__Provided entries__
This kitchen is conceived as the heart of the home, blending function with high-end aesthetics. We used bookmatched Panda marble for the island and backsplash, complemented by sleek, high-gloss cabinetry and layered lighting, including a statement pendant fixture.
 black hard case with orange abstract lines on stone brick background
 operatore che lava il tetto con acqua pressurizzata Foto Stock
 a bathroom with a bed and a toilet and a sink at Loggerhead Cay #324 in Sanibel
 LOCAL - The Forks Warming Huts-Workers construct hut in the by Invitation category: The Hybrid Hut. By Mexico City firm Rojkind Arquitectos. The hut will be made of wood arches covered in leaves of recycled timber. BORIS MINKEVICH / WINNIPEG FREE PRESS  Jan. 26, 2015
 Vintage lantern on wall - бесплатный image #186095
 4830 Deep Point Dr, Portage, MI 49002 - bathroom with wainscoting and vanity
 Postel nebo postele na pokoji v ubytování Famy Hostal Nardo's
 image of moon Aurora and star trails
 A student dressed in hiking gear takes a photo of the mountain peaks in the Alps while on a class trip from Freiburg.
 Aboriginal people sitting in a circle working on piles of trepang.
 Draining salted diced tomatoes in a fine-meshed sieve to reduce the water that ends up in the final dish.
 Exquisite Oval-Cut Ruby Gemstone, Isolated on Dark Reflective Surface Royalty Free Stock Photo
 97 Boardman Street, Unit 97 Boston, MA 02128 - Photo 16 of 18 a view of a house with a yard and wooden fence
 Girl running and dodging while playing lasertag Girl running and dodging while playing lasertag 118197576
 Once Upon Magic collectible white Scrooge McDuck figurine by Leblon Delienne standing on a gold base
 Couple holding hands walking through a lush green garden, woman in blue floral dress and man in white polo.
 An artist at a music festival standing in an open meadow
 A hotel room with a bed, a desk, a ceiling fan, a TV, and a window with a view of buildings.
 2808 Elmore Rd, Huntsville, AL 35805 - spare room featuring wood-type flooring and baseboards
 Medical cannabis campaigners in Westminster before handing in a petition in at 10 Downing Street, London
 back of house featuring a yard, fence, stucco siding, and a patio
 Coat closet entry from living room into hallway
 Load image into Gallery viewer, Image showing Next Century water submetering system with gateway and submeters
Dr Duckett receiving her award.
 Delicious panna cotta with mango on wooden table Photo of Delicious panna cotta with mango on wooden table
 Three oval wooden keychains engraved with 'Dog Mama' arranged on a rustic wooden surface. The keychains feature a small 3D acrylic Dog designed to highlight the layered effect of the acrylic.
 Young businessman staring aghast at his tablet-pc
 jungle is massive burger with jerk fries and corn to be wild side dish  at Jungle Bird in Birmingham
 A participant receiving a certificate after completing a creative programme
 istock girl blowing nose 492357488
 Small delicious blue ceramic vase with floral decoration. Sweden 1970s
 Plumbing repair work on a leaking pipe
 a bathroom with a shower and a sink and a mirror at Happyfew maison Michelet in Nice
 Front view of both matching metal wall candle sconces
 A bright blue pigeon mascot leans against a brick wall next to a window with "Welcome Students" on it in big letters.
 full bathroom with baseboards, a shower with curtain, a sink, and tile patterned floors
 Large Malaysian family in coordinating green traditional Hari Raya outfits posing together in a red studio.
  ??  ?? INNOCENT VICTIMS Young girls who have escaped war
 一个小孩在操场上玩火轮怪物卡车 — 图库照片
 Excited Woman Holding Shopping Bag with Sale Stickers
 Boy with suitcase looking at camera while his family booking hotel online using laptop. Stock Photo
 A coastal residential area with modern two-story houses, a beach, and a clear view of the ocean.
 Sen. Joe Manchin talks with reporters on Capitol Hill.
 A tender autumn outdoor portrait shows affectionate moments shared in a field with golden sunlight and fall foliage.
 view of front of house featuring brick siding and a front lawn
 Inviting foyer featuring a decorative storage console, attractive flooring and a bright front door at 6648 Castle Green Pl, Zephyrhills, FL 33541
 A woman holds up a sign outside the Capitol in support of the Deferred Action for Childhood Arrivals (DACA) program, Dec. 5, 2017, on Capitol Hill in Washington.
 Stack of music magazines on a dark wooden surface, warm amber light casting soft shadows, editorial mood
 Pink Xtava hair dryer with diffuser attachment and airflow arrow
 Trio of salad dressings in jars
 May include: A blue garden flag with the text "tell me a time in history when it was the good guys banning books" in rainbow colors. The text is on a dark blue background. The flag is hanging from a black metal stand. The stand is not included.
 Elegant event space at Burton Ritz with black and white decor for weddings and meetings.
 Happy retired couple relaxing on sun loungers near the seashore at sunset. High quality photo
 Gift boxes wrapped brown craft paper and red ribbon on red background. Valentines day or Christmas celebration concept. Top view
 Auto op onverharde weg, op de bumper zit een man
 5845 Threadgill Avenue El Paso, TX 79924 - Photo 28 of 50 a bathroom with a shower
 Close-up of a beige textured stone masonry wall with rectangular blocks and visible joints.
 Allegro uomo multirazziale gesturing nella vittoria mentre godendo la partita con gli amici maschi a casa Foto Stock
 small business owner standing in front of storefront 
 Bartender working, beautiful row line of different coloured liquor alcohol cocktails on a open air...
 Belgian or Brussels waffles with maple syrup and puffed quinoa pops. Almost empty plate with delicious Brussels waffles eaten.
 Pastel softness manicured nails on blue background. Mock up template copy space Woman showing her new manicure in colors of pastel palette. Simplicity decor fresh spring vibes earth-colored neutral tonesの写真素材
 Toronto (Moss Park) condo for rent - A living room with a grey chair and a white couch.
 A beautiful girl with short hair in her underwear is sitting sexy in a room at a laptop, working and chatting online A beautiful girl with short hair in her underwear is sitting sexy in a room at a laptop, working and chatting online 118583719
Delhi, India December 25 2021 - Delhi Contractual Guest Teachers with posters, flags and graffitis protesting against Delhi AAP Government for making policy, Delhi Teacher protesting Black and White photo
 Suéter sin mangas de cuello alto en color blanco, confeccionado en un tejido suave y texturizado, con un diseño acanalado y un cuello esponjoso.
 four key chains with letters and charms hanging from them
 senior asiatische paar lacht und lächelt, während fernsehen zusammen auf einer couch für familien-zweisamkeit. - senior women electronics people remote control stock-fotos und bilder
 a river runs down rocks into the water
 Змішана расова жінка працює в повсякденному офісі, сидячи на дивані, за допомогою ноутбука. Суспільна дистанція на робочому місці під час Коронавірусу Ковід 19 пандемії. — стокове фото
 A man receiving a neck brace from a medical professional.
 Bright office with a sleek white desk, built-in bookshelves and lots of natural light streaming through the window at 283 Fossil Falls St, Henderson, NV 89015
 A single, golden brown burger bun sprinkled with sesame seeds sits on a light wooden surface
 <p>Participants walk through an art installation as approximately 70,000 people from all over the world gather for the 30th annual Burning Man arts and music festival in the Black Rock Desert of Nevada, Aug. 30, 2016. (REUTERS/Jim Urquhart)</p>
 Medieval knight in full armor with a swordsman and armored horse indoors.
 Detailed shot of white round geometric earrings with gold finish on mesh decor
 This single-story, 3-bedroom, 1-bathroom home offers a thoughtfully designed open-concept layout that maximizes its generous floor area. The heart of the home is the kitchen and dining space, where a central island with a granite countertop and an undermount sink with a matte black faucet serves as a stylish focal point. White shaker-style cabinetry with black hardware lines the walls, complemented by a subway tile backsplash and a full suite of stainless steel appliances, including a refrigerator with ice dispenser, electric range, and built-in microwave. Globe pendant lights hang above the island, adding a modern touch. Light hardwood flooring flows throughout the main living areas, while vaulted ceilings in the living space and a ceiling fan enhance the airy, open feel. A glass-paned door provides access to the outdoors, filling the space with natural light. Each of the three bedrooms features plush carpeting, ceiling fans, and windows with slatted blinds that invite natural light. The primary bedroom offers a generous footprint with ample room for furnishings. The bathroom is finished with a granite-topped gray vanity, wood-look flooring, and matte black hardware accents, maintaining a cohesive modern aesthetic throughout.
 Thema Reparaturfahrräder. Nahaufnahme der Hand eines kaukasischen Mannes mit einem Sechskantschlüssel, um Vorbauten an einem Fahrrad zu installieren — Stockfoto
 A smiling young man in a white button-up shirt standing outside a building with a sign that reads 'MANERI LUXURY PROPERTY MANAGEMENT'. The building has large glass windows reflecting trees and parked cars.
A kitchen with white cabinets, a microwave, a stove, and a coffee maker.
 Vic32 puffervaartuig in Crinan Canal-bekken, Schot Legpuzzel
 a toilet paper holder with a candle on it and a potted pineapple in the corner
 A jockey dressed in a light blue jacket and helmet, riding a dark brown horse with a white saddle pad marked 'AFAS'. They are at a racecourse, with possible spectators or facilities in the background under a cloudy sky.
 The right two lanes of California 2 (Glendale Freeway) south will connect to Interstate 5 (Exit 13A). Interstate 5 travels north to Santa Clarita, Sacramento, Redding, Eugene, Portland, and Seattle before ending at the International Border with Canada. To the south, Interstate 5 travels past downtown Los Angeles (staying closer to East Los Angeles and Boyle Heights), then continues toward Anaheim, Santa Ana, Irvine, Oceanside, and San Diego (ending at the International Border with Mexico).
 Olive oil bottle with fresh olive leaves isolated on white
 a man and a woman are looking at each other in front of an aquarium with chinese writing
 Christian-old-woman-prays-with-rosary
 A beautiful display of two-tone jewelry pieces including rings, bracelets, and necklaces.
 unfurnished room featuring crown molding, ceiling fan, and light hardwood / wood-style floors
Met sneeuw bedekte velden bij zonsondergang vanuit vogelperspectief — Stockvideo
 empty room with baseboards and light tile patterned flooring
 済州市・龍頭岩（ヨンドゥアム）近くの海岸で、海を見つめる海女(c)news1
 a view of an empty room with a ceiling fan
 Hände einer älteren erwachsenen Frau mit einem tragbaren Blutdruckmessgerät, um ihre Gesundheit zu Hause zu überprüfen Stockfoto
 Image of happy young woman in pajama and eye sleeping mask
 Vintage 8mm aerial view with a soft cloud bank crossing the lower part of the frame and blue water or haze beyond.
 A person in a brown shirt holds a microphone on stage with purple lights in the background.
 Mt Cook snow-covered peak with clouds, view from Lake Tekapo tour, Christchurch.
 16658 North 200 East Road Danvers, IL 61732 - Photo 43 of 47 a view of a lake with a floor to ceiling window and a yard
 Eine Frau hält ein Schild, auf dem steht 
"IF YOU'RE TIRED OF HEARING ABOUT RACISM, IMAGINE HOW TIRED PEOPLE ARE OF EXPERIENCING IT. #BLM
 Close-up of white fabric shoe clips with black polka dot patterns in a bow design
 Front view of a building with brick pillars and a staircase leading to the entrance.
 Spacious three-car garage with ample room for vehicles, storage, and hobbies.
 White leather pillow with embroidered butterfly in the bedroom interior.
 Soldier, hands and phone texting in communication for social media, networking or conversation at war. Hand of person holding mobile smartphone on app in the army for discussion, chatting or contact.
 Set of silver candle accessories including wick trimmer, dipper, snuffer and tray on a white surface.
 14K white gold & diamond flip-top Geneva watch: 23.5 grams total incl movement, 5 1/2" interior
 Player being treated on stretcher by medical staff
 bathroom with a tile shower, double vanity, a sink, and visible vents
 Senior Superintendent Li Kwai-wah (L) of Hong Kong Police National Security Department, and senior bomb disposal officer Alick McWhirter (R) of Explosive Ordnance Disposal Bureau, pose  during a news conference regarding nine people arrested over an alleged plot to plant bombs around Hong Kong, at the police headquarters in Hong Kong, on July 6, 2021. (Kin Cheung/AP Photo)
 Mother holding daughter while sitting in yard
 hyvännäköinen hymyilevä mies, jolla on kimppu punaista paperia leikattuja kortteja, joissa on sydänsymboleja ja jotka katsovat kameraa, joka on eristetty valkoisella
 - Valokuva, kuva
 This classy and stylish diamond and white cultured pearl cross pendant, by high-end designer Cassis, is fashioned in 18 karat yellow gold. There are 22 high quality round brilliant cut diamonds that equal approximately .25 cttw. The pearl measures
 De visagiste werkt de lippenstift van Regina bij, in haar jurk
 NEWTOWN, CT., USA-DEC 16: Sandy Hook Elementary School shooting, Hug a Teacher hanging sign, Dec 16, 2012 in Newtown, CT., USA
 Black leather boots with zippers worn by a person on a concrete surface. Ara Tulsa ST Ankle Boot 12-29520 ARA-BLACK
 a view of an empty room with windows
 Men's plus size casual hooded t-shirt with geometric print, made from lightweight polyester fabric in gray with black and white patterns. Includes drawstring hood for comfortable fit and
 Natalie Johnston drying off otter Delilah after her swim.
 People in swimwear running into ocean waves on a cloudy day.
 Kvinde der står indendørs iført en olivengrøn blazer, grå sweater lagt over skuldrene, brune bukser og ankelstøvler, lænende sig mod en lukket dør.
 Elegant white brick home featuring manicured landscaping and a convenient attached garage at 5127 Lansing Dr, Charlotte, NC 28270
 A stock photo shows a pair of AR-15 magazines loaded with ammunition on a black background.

__Problem__
From the data above, output exactly the lines between the one containing "chatting online 118583719" and the one containing "Suéter sin mangas", counting both of them.

__Written answer__
 A beautiful girl with short hair in her underwear is sitting sexy in a room at a laptop, working and chatting online A beautiful girl with short hair in her underwear is sitting sexy in a room at a laptop, working and chatting online 118583719
Delhi, India December 25 2021 - Delhi Contractual Guest Teachers with posters, flags and graffitis protesting against Delhi AAP Government for making policy, Delhi Teacher protesting Black and White photo
 Suéter sin mangas de cuello alto en color blanco, confeccionado en un tejido suave y texturizado, con un diseño acanalado y un cuello esponjoso.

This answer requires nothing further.